A woman stands slightly off center of this card. She is dressed in a long sleeved gown with a garland of flowers around her waist and upon her head. She is bent over slightly, as she is in the process of closing the mouth of a maned lion. Her left hand is upon the lion’s snout and her right hand is cupping the jaw. The lion’s tongue is out of his mouth as if in protest and licks against her right hand. His tail is swept under him and between his legs in an apparent act of submission. A lemniscate is over her head, tilted appropiately to signify its connection to her own tilted head. In the near distance are trees and hills. In the far distance is a prominent mountain.

Strength was once called Fortitude. Where Strength implies the ability to act, Fortitude implies the ability to withstand. I see both understandings in this card. The visual symbolism implies the lion has already been subdued by a greater power and is being led by the chain of flowers. This robs the maiden of the card of her position of strength and makes her just as much of a trinket as the lion is. I see rather, the strength of someone who has made a determination for themselves, to do as they will and not as they have been told to do. This allows for the ability to act against the wishes of those that think the Querent unable to act, and the ability to withstand against the forces of those that think the Querent unable to hold fast.

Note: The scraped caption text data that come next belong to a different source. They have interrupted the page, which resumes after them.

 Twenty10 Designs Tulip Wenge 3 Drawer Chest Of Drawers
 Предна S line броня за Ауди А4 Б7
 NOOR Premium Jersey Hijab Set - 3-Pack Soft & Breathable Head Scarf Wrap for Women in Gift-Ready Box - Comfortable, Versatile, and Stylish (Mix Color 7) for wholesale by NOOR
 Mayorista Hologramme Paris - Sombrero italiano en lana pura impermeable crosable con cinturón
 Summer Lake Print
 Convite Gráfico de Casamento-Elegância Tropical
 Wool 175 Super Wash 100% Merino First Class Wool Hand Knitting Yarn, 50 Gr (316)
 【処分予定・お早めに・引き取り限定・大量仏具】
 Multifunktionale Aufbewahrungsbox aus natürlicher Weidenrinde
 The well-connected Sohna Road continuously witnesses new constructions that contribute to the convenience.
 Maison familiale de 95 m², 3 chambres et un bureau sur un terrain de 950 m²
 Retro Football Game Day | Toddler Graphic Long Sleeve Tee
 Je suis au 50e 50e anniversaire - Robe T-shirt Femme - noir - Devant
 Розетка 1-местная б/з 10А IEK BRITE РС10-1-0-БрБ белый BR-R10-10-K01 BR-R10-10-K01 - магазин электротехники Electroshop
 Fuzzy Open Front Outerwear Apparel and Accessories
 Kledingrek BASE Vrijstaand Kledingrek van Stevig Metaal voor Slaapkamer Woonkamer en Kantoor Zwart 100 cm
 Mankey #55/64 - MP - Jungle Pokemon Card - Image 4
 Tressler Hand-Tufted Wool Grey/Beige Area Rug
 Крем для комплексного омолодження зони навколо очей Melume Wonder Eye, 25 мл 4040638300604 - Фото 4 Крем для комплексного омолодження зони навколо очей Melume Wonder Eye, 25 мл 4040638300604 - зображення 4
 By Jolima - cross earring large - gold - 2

Ill-dignified, such strength is robbed of the Querent. Instead of being the one in force, they become the one forced upon. Their strength (or fortitude) may be made impotent, or their power may be placed under the control of another. On some occasions, I have seen the ill-dignified Strength to represent those whose power has made them intoxicated, so that now they abuse their position and make of themselves the villain to be toppled.